W wyniku bieżeństwa - przypomniał abp Sawa - setki tysięcy wiernych prawosławnych zmuszonych było do opuszczenia swoich domów w wyniku przerwania frontu przez wojska niemieckie podczas I wojny światowej. Wielu z nich już z Rosji nie wróciło. - Dziś modlimy się o spokój ich duszy - powiedział zwierzchnik polskiego prawosławia.
- Ci, którzy powrócili do swoich zburzonych gniazd, przyczynili się do odrodzenia życia religijnego naszego Kościoła - zaznaczył. Dzięki temu - podkreślił abp Sawa - 17 września 1925 Kościół prawosławny w Polsce zyskał autokefalię, czyli niezależność dotyczącą m.in. struktury organizacyjnej, hierarchii duchowieństwa, zwyczajów religijnych i sprawowanej liturgii.
Abp Sawa zaznaczył, że życie każdego człowieka jest "wysiłkiem nieustannego przemieniania swojego człowieczeństwa" i zdobywania Ducha Świętego, aby napełnić się wewnętrznym spokojem. Jego zdaniem, obecnie tych wartości brakuje "naszym rodzinom, ojczyźnie i całemu światu".
- Dzisiejsza sekularyzacja stwarza wiele niebezpieczeństw i stawia każdego z nas wobec różnego rodzaju patologii, nienawiści, terroryzmu, kryzysu moralno-duchowego - stwierdził metropolita.
- My, ludzie wiary, winniśmy sobie uświadomić, że dzisiejsze społeczeństwo Europy i naszej ojczyzny potrzebuje ciągłego przypominania o wartościach chrześcijańskich, wzmacniania duchowości i chrześcijańskiej nadziei - podkreślił prawosławny metropolita całej Polski.
- Tego - zaznaczył abp Sawa - nie uczynią ludzie zeświecczeni, oni bowiem nie są w stanie poświęcić siebie służbie światu, by go wzmacniać duchowo.
Abp Sawa podarował prezydentowi Dudzie ikonę Przemienienia Pańskiego, wykonaną przez mniszki klasztoru na Górze Grabarce.

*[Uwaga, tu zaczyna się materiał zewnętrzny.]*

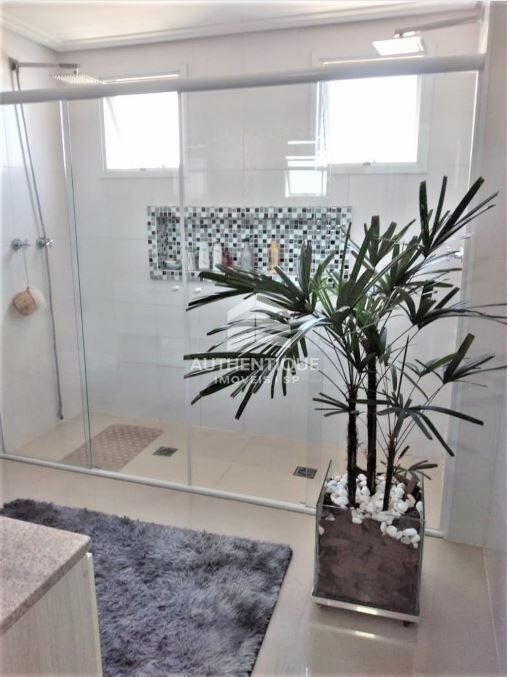Apartamento, 2 quartos, 116 m² - Foto 30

Prezydent odwzajemnił się darem w postaci zdobionego krzyża.
Uroczystości w klasztorze św. Marty i Marii na świętej dla prawosławia Górze Grabarce odbywają się w obecności relikwii św. Spirydona Cudotwórcy, greckiego świętego z IV wieku. Przywiozła je 15 sierpnia z Krety, dzięki staraniom Bractwa Prawosławnego św. św. Cyryla i Metodego, delegacja Greckiego Kościoła Prawosławnego pod przewodnictwem bp. Nektariusza, metropolity Kerkiry, Paksos i Wysp Diapontyjskich.
W dniach poprzedzających uroczystości na Grabarce relikwie św. Spirydona pielgrzymowały do poszczególnych klasztorów prawosławnych w całej Polsce, m.in. w Jabłecznej, Białej Podlaskiej, czy Hajnówce. Ich pożegnanie nastąpi 22 sierpnia w Supraślu.
Święto Przemienienia Pańskiego co roku gromadzi na Górze Grabarce tysiące prawosławnych z całej Polski i zagranicy. To jedno z najważniejszych świąt w kalendarzu Kościoła prawosławnego w Polsce. Święta Góra znana jest szczególnie dzięki cudom, które miały miejsce na początku XVIII wieku, kiedy to miejscowa ludność dzięki modlitwie w tym miejscu została wybawiona z szalejącej zarazy.
Od tamtej pory tradycją stało się ustawianie krzyży wokół cerkwi, która znajduje się na górze. Wierni przynoszą swoje krzyże modląc się o pomyślność dla siebie i swojej rodziny, a także o spokój dusz swoich zmarłych. W okolicy płynie też cudowne źródełko, w którym z okazji święta poświęcana jest woda. Wierni obmywają się wodą, zabierają ją też do domów.